Derrick Hall

Cricket information
- Batting: Right-handed

International information
- National side: Ireland;

Career statistics
| Competition | First-class |
| Matches | 3 |
| Runs scored | 71 |
| Batting average | 14.20 |
| 100s/50s | 0/0 |
| Top score | 34 |
| Catches/stumpings | 2/– |
- Source: CricketArchive, 16 November 2022

= Derrick Hall (cricketer) =

Irish cricketer (1892–1947)

Frederick Harrison Hall (15 August 1892 – 4 January 1947) was an Irish cricketer. A right-handed batsman, he played five times for the Ireland cricket team between 1924 and 1930.

==Playing career==

Prior to making his debut for Ireland, Hall made his first-class debut, playing for Dublin University against Northamptonshire in June 1924. He made his Ireland debut two months later, playing against the MCC in Dublin.
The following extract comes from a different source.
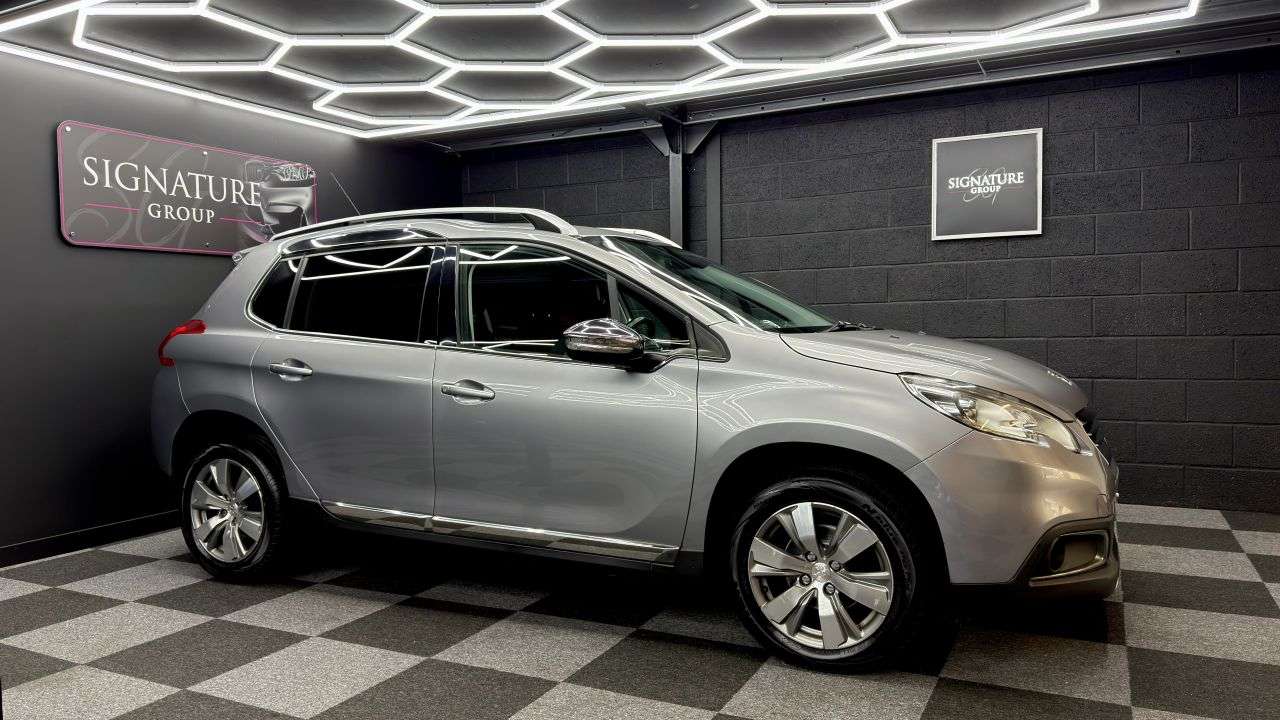 A 2014 PEUGEOT 2008 1.6 e-HDi Allure SUV 5dr Diesel EGC Euro 5 (s/s) (92 ps) ***AUTOMATIC DEISE A 2014 PEUGEOT 2008 1.6 e-HDi Allure SUV 5dr Diesel EGC Euro 5 (s/s) (92 ps) ***AUTOMATIC DEISE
The following year, he played a first-class match against Scotland, scoring 34 in the Irish first innings, his highest score for Ireland.

He played twice more in 1926, a first-class match against Oxford University and a match against the MCC, before spending four years out of the Ireland side, returning for his final match, against the MCC, in July 1930.

==Statistics==

In all matches for Ireland, he scored 43 runs at an average of 5.38.